Las universidades pequeñas, como la nuestra, tienen que replantearse de forma racional sus titulaciones de grado y hacer especial énfasis en másteres muy especializados y donde tengamos la fortaleza en recursos y en investigación. De la misma manera, deben abrirse a la sociedad, al entorno inmediato, revitalizando el papel del Consejo Social más allá de un verificador de cuestiones presupuestarias, en el respeto a lo que ya establecía nuestra madura Constitución en su artículo 27.
La Universidad de Cádiz es joven, pero fue en su momento fraccionada en campus dispersos a lo largo de toda la provincia, una debilidad que hay que tornar en fortaleza, aprovechando la singularidad de la provincia de Cádiz a través de sus características geográficas, históricas y socioeconómicas. Tenemos que compensar los desequilibrios entre los distintos campus; de manera que cada estudiante de la UCA pueda tener los mismos derechos esté en Algeciras, Cádiz, Jerez o Puerto Real y que se reconozca la importancia de estas ciudades como aglutinadoras de la provincia. El nuevo gobierno de Andalucía debe hacer frente a las exigencias históricas de un nuevo modelo de financiación y de un ansiado plan plurianual de inversiones en nuestras infraestructuras, además de acometer mejoras en la movilidad de nuestros estudiantes hacia los centros universitarios.
Tenemos que recuperar, sobre todo, la Ilusión de la comunidad universitaria en un escenario de exigencias y de falta de recursos, con un envejecimiento de la plantilla de difícil relevo generacional -especialmente en carreras profesionales donde no existe un modelo de atracción de talento- además de una baja tasa de personal investigador en formación. Se ha abusado del profesorado precario -notablemente en la contratación de los llamados profesores sustitutos interinos- que suponen hoy día la principal forma de acceder a la carrera académica dentro de las universidades andaluzas, pero en una proporción más sangrante aún en nuestra Universidad de Cádiz en los últimos años.
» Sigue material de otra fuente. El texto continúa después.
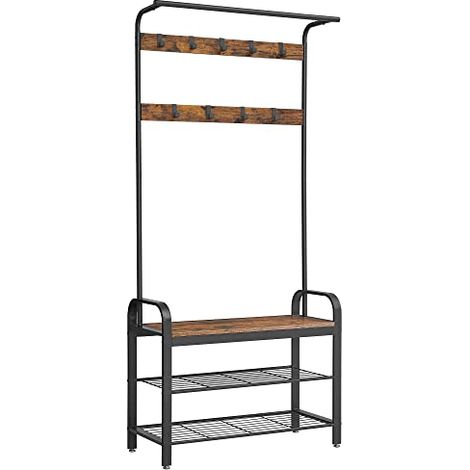 Vasagle – Portemanteau vestiaire avec banc et étagère à chaussures – Cadre en métal – Dimensions 84 x 33,7 x 183 cm – Charge 90 kg – HSR400B01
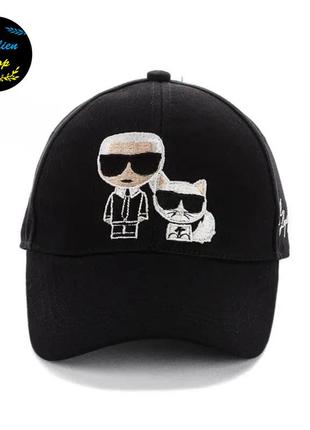 ● кепка бейсболка с вышивкой - karl lagerfeld / карл лагерфельд s/m черный ●2 фото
Hay que pensar en el futuro y este pasa a su vez por la internacionalización y especialización de la UCA, por el impulso de las redes y agregaciones con otras Universidades, tanto españolas como extranjeras, así como con la sociedad, con los empresarios, con los colegios profesionales y con las alianzas con el entorno.
De igual modo, tenemos que proyectar una nueva relación entre los estudiantes egresados y la universidad mediante una oferta de programas de actualización. Debemos ser una universidad abierta a la ciudadanía: la UCA saliendo de la UCA.
Decía recientemente Tan Eng Chye (Rector de la Universidad Nacional de Singapur) que “el gran proyecto en el futuro de la universidad pública pasa por el aprendizaje a lo largo de toda la vida, ni siquiera la mejor universidad es capaz de darte competencias y habilidades para siempre”.
Hay que prepararse para tiempos difíciles, donde la trinchera académica resistirá como siempre lo ha hecho, con su principal arma, el trabajo y la dedicación de la comunidad universitaria. No podremos avanzar en un mundo mejor sin el conocimiento, pero sobre todo si no incentivamos la conciencia crítica de las personas. Y ahí vamos a estar.